Meanwhile, Americans for Prosperity-Florida held a press conference to its opposition to a different proposed amendment dealing with solar energy.

SB 400, from St. Petersburg Republican Sen. Jeff Brandes, would extend a residential property tax exemption for renewable energy devices, as already is provided in the state Constitution, to commercial property.

Similar bills last year died in Senate committees because of opposition in the House. Brandes said he thinks the bills have a better chance of passing this year.

“I think the time is right,” he said. “I think everybody recognizes solar energy has to be part of Florida’s energy portfolio. I think the Legislature is beginning to realize that and the people of Florida obviously realize that.”

SB 400 passed its first of four committee stops by a unanimous vote. SB 402, an implementing bill filed by Brandes, also passed its first stop on Tuesday. The House companion bills have not been heard in committees.

Meanwhile, the conservative Americans For Prosperity-Florida group announced it opposition to a different proposed solar amendment and other legislation filed by Brandes.

SB 1118 allows a property owner to sell renewable energy to a commercial or industrial tenant.

Floridians for Solar Choice is collecting signatures to put a similar initiative on the ballot in 2016 to prevent governments or utilities from placing barriers to supplying solar electricity.

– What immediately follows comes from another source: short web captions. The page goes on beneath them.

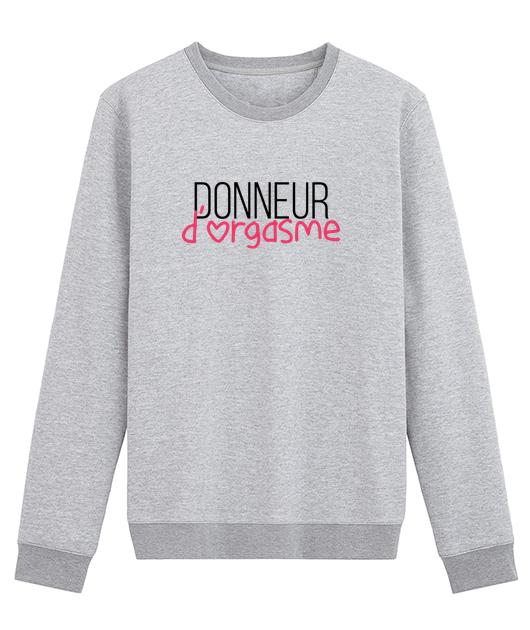 Donneur d'orgasme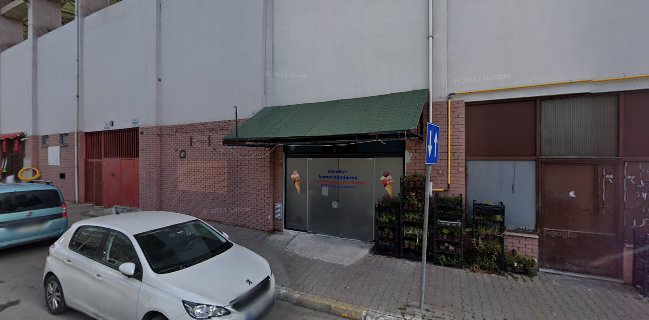 Efendiler Kornet Dondurma - 1958'den beri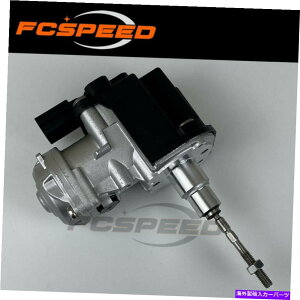 Turbo Charger ^[{AN`G[^JHJ 06L145612MAEfBA4 A5 S4 S5 1.8T Turbo actuator JHJ 06L145612M for Audi A4 A5 S4 S5 1.8T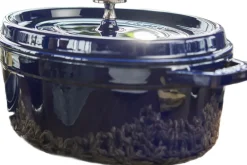 La Cocotte 29 cm blå><noscript><img width=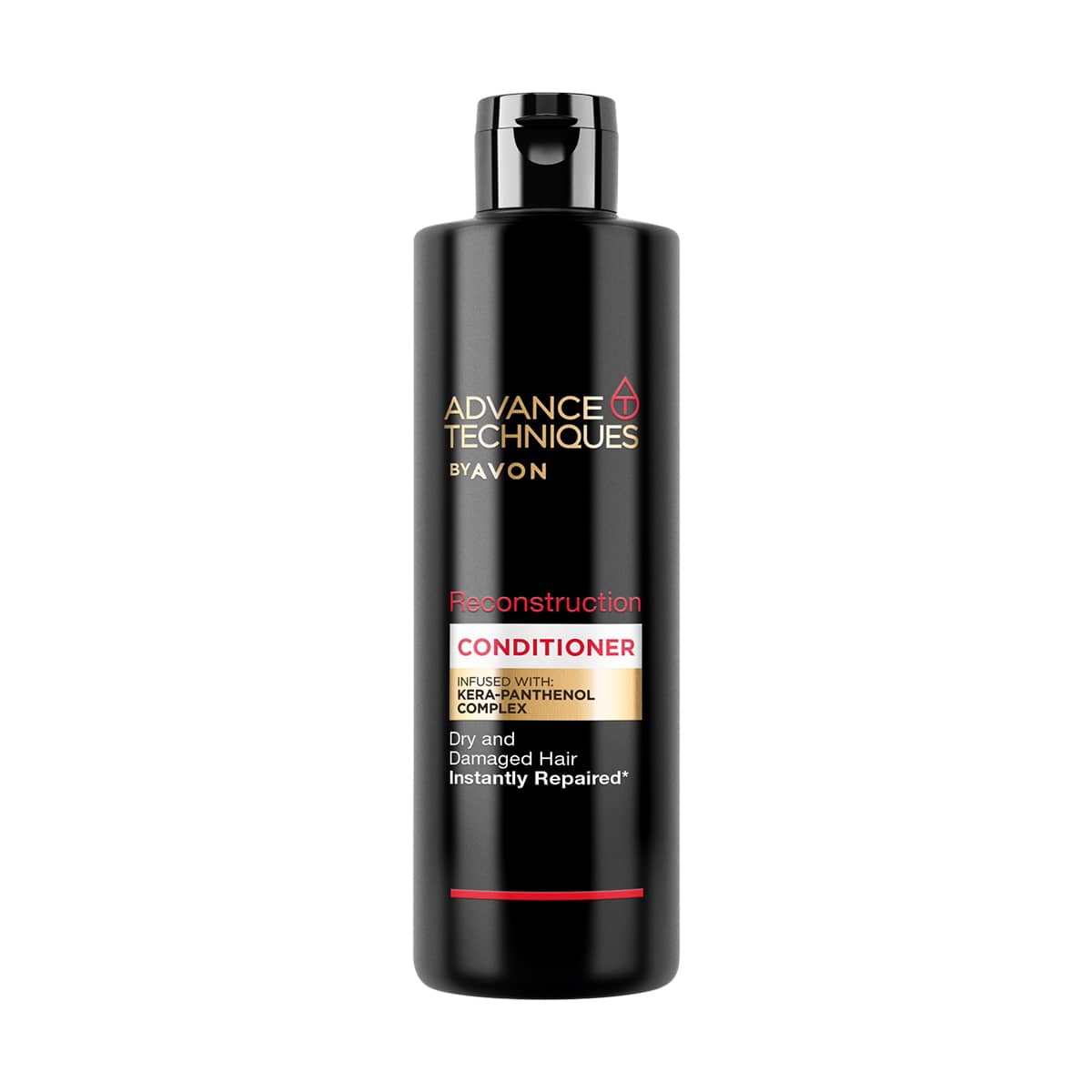 Advance Techniques Reconstruction Conditioner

The group has raised concerns about the Brandes bill.

“The utilities have concerns about that bill — significant concerns,” Brandes said. “Some of the solar groups have concerns. We’re just trying to work through those issues.”

Americans for Prosperity-Florida on Tuesday held a news conference with the James Madison Institute to announce opposition to the amendment.

“Special interests want to use the state constitution to encourage and promote solar energy,” said Chris Hudson, AFP-Florida state director. “Using the constitution to promote any type of energy over another is grossly inappropriate regardless of what resource it references.”

Tory Perfetti, Florida director of Conservatives for Energy Freedom, responded, “It is an absolute falsehood and complete and total misrepresentation that has absolutely no legitimacy whatsoever that this amendment favors one energy source over another or includes subsidies or mandates.”